Bagian 3 – Audit Perusahaan Membongkar Kebohongan di Balik Tuntutan Mereka, dan Pada Hari Pernikahan yang Batal, Satu Keputusan Mengembalikan Harga Diriku Sepenuhnya

Avatar penulis
Cerita 02
15 menit baca 1,727 tayangan
Bagian 3 – Audit Perusahaan Membongkar Kebohongan di Balik Tuntutan Mereka, dan Pada Hari Pernikahan yang Batal, Satu Keputusan Mengembalikan Harga Diriku Sepenuhnya
Indeks

Bagian 3 – Audit Perusahaan Membongkar Kebohongan di Balik Tuntutan Mereka, dan Pada Hari Pernikahan yang Batal, Satu Keputusan Mengembalikan Harga Diriku Sepenuhnya

Aku pernah membayangkan banyak alasan yang mungkin keluar dari mulut kakakku.

Mungkin ia akan mengatakan dokumen itu salah.

Mungkin ruko itu memang untuk perusahaan.

Mungkin semua transfer tersebut hanyalah kesalahan staf keuangan.

Apa pun.

Tetapi Raka hanya berdiri di depan meja dengan wajah pucat.

Ayah menunggu hampir satu menit.

“Jawab.”

Raka menarik napas panjang.

“Ruko itu… untuk unit bisnis baru.”

“Bisnis siapa?”

“Bisnisku.”

Ayah mengangguk pelan.

“Pakai uang siapa?”

Raka diam.

Ayah mengulangi.

“Pakai uang siapa?”

“Perusahaan.”

Dua kata itu seperti menutup semua pintu.

Keisya langsung menoleh.

“Mas, jangan bicara sembarangan.”

Raka menatapnya.

“Apa lagi yang mau ditutupi?”

“Aku tidak menyuruhmu melakukan semua itu!”

“Tidak?”

Raka tertawa pahit.

“Siapa yang mengenalkan Denny?”

Keisya langsung terdiam.

“Siapa yang bilang kalau kita terus bekerja di bawah Ayah, sampai umur empat puluh pun aku cuma akan jadi anak pemilik perusahaan?”

Keisya menggigit bibir.

“Siapa yang menyuruh Mama kamu menerima transfer supaya tidak langsung terlihat berasal dari vendor?”

Bu Mirna berdiri.

“Raka!

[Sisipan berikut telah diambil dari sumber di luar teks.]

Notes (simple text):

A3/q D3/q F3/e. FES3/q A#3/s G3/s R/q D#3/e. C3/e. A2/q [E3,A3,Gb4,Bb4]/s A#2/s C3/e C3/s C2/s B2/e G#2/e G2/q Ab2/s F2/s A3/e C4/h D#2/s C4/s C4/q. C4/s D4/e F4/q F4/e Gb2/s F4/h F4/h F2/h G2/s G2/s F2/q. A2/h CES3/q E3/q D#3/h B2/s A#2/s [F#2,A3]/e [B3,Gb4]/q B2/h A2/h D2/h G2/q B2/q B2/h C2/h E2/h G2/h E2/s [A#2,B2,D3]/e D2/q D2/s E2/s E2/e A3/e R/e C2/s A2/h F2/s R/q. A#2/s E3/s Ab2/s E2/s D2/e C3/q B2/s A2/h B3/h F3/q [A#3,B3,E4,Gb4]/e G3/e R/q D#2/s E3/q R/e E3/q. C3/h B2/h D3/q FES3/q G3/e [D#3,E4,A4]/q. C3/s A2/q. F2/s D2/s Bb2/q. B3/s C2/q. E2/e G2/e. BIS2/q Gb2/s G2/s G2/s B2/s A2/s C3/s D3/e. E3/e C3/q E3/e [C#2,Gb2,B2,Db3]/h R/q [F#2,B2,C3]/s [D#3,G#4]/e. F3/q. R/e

Jangan seret-seret saya!”

Namun semuanya sudah terlambat.

Ayah menoleh kepada Ibu.

“Sudah berapa lama kamu tahu?”

“Curiga sekitar tiga bulan.”

Aku memandang Ibu.

Ia menjelaskan bahwa bagian keuangan mulai melihat pola pembayaran tidak biasa sejak awal tahun.

Vendor baru mendapat nilai kontrak besar.

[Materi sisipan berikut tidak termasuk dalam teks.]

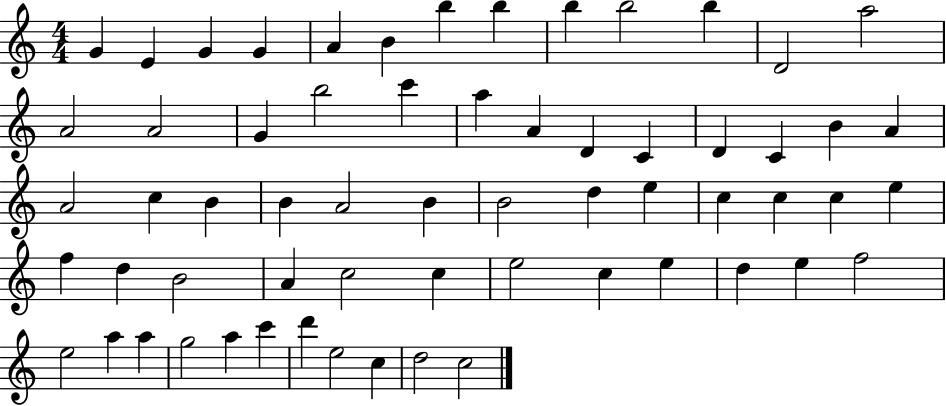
{
  \clef treble
  \numericTimeSignature
  \time 4/4
  \key c \major
  g'4 e'4 g'4 g'4 | a'4 b'4 b''4 b''4 | b''4 b''2 b''4 | d'2 a''2 | \break a'2 a'2 | g'4 b''2 c'''4 | a''4 a'4 d'4 c'4 | d'4 c'4 b'4 a'4 | \break a'2 c''4 b'4 | b'4 a'2 b'4 | b'2 d''4 e''4 | c''4 c''4 c''4 e''4 | \break f''4 d''4 b'2 | a'4 c''2 c''4 | e''2 c''4 e''4 | d''4 e''4 f''2 | \break e''2 a''4 a''4 | g''2 a''4 c'''4 | d'''4 e''2 c''4 | d''2 c''2 | \break \bar "|."
}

Invoice datang selalu mendekati akhir bulan.

Beberapa pembayaran mendapat persetujuan langsung dari Raka tanpa tanda tangan kepala pengadaan.

Karena Raka adalah anak pemilik perusahaan sekaligus direktur operasional, tidak banyak pegawai berani bertanya.

Sampai seorang staf senior bernama Pak Herman mendatangi Ibu.

Diam-diam.

Bukan karena ia membenci Raka.

Justru karena ia sudah bekerja bersama Ayah lebih dari dua puluh tahun.

Ia takut perusahaan yang dibangun dari satu truk bekas itu rusak karena tidak ada yang berani menegur anak pemiliknya.

Ibu tidak langsung menuduh.

Ia menyewa auditor eksternal.

Mereka memeriksa vendor.

Mengecek nomor polisi kendaraan.

Mengonfirmasi faktur.

Membandingkan rekening.

Semakin diperiksa, semakin banyak yang tidak masuk akal.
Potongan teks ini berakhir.